* **Directions for this task**:
Exactly the lines from the line containing "Apparel & Accessories" through the final line of the entries below must be returned, and only those, without pictures.
========================================================================
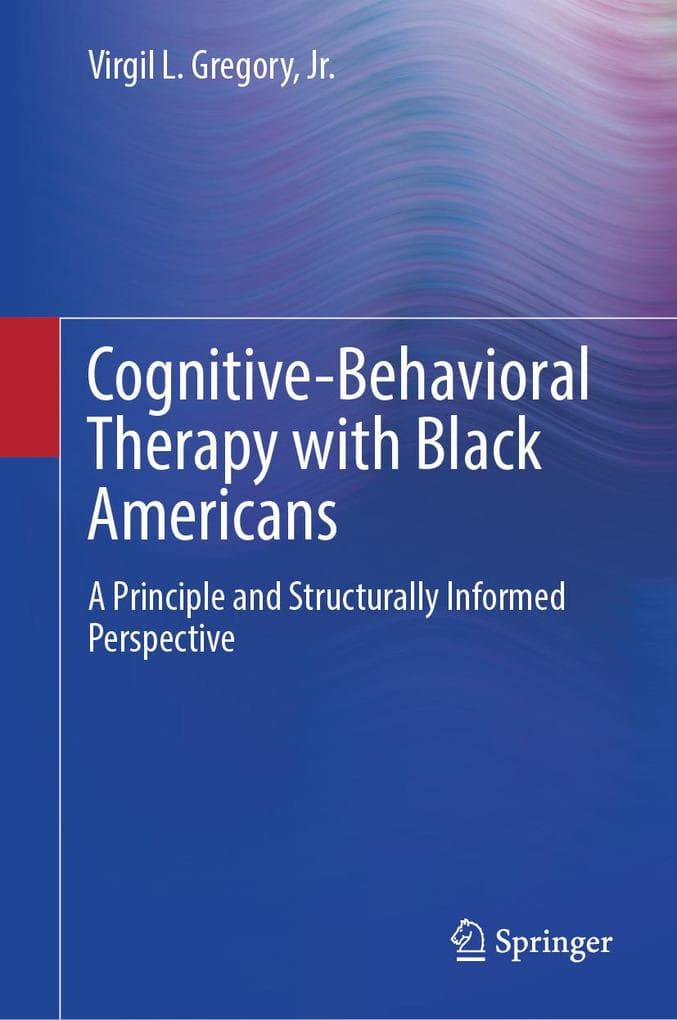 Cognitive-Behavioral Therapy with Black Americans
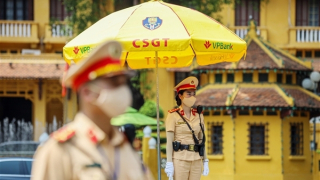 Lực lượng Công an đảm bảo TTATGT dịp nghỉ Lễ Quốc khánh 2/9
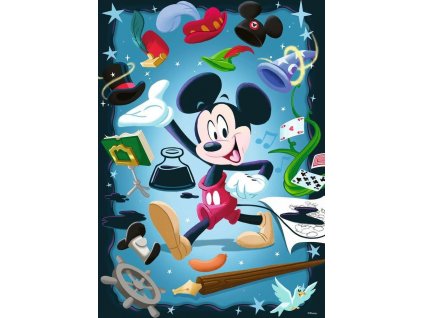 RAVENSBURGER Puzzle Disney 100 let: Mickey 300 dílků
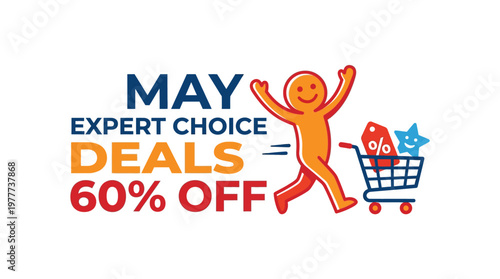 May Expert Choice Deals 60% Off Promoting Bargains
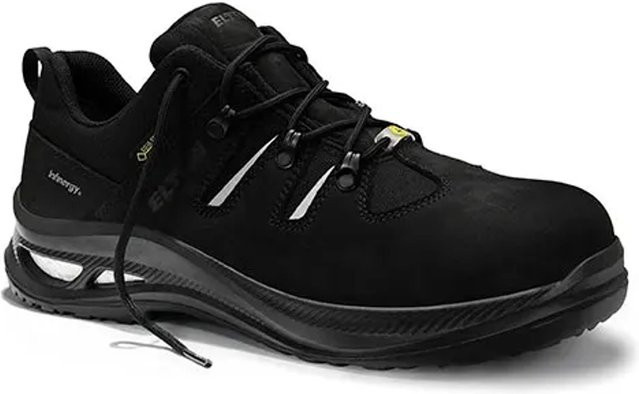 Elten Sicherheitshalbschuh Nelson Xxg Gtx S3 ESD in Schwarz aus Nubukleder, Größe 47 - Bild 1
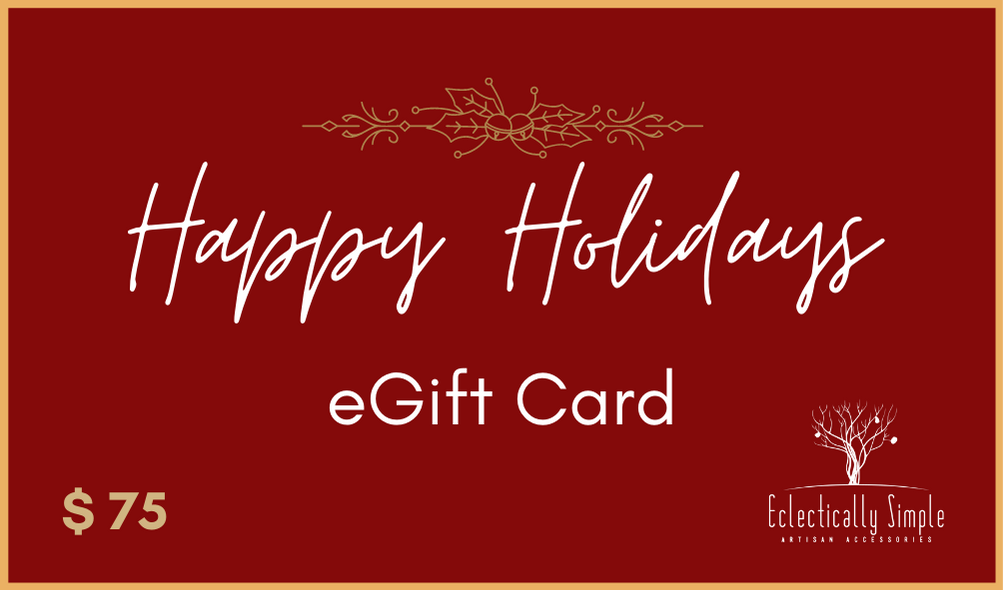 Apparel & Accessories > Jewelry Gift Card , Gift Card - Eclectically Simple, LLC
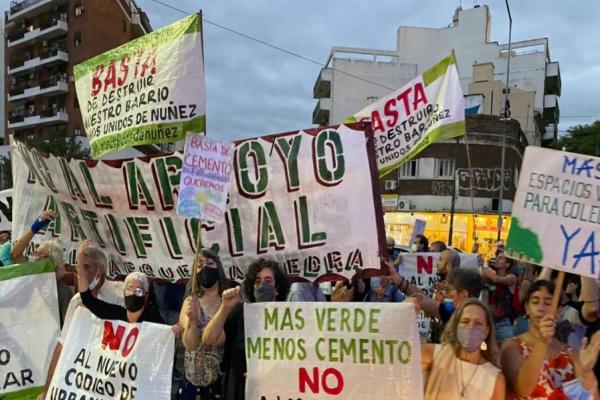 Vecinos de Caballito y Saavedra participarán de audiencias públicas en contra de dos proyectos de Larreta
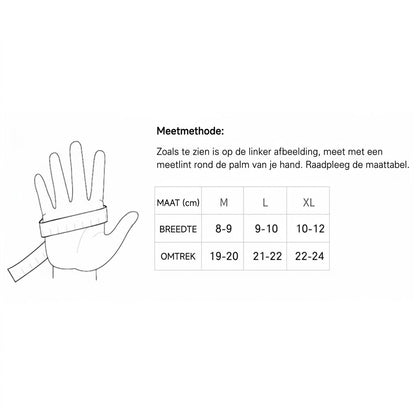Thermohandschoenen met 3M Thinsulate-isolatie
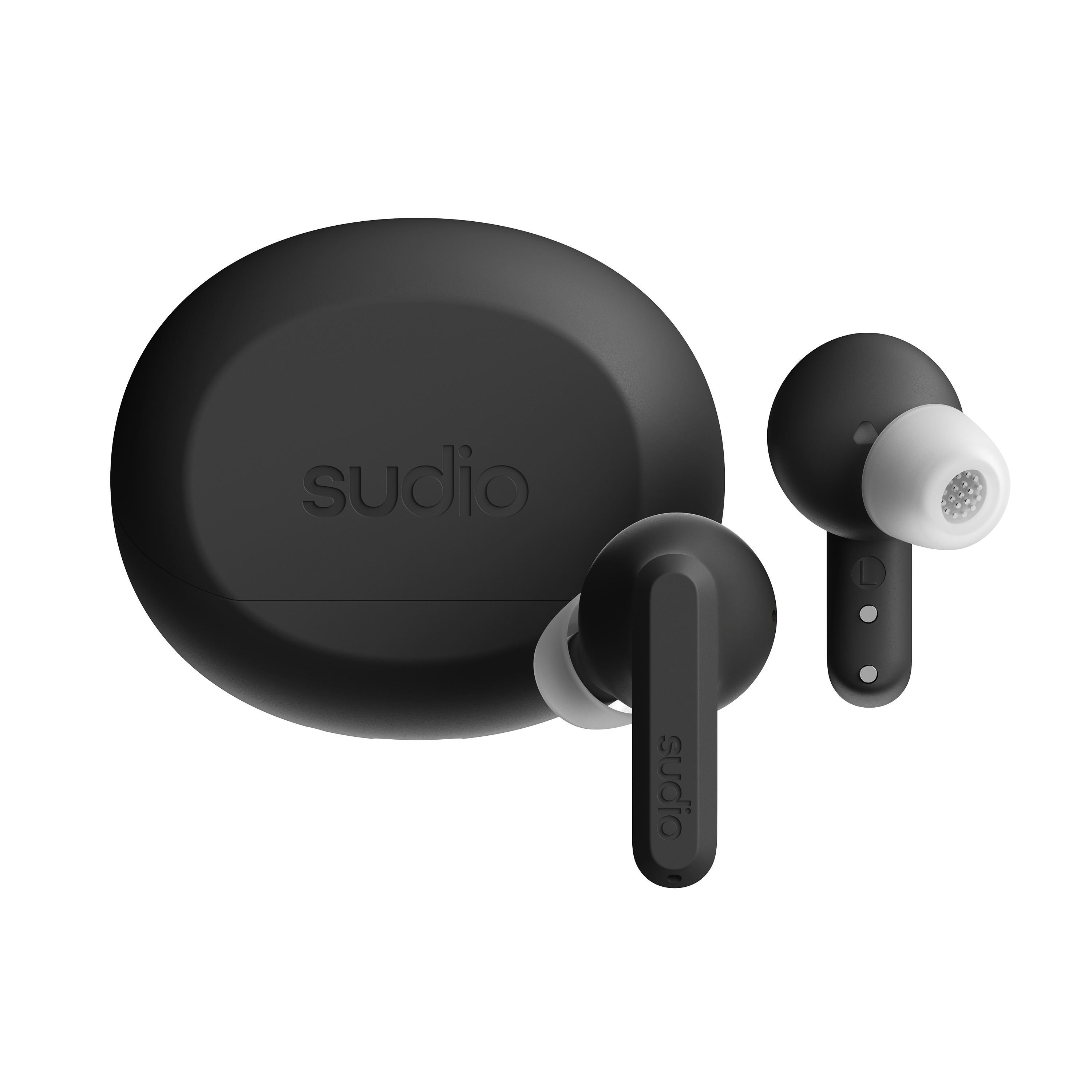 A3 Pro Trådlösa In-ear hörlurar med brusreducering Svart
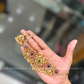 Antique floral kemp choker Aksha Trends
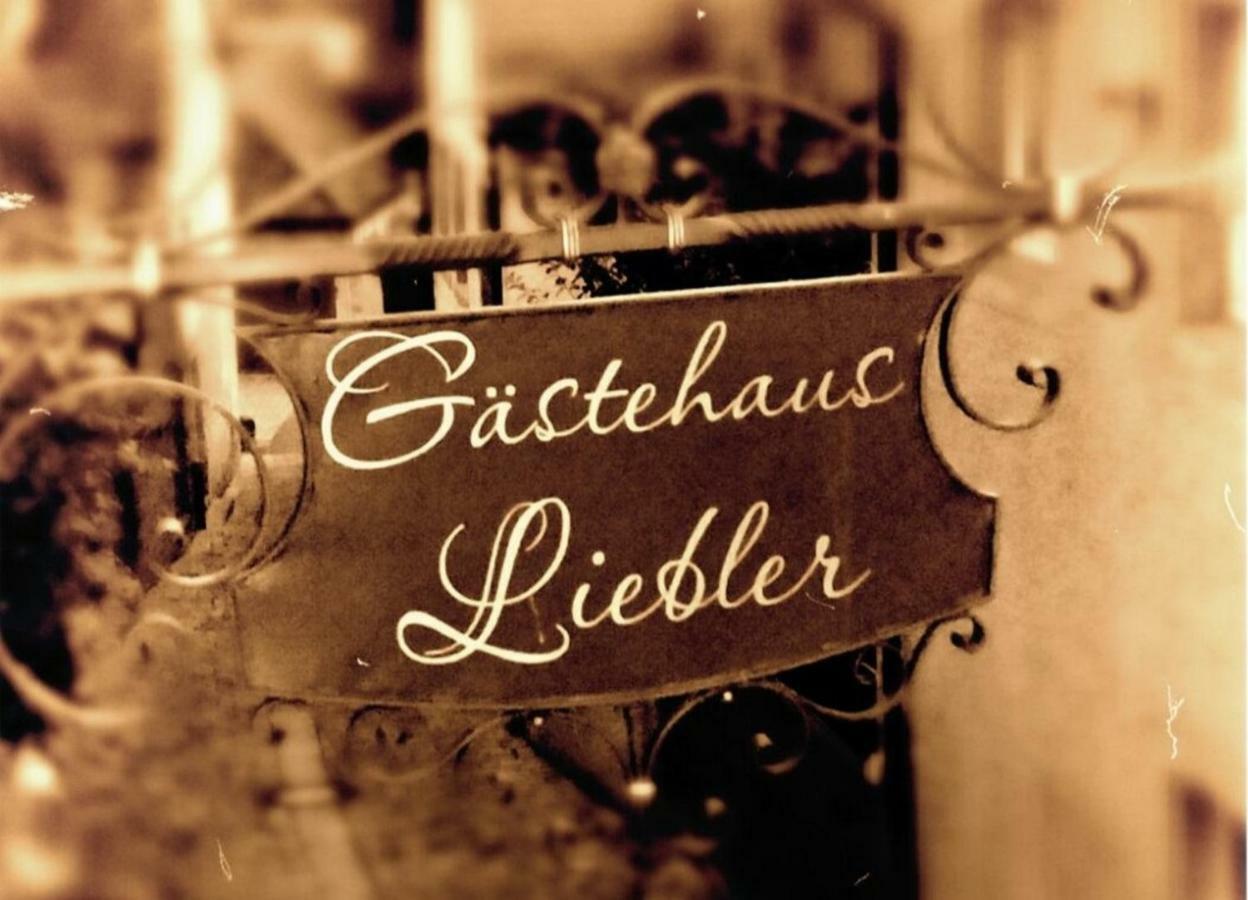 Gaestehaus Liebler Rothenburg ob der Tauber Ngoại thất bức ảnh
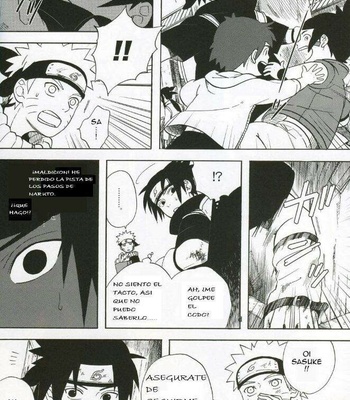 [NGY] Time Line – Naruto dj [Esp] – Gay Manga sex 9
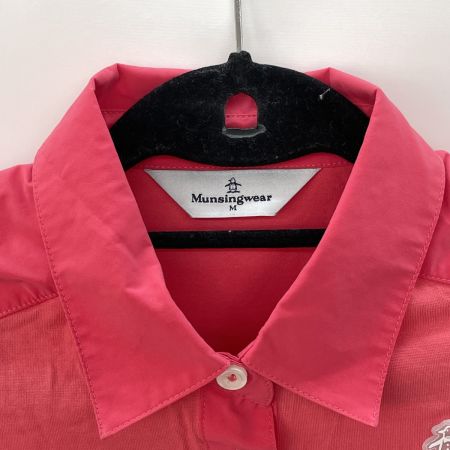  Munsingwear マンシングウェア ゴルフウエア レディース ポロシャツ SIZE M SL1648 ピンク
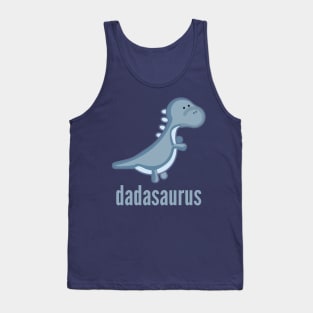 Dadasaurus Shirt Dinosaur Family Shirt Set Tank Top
========================================================================
* **Solution to the problem**:
 Apparel & Accessories > Jewelry Gift Card , Gift Card - Eclectically Simple, LLC
 Vecinos de Caballito y Saavedra participarán de audiencias públicas en contra de dos proyectos de Larreta
Thermohandschoenen met 3M Thinsulate-isolatie
 A3 Pro Trådlösa In-ear hörlurar med brusreducering Svart
 Antique floral kemp choker Aksha Trends
 Gaestehaus Liebler Rothenburg ob der Tauber Ngoại thất bức ảnh
 [NGY] Time Line – Naruto dj [Esp] – Gay Manga sex 9
  Munsingwear マンシングウェア ゴルフウエア レディース ポロシャツ SIZE M SL1648 ピンク
 Dadasaurus Shirt Dinosaur Family Shirt Set Tank Top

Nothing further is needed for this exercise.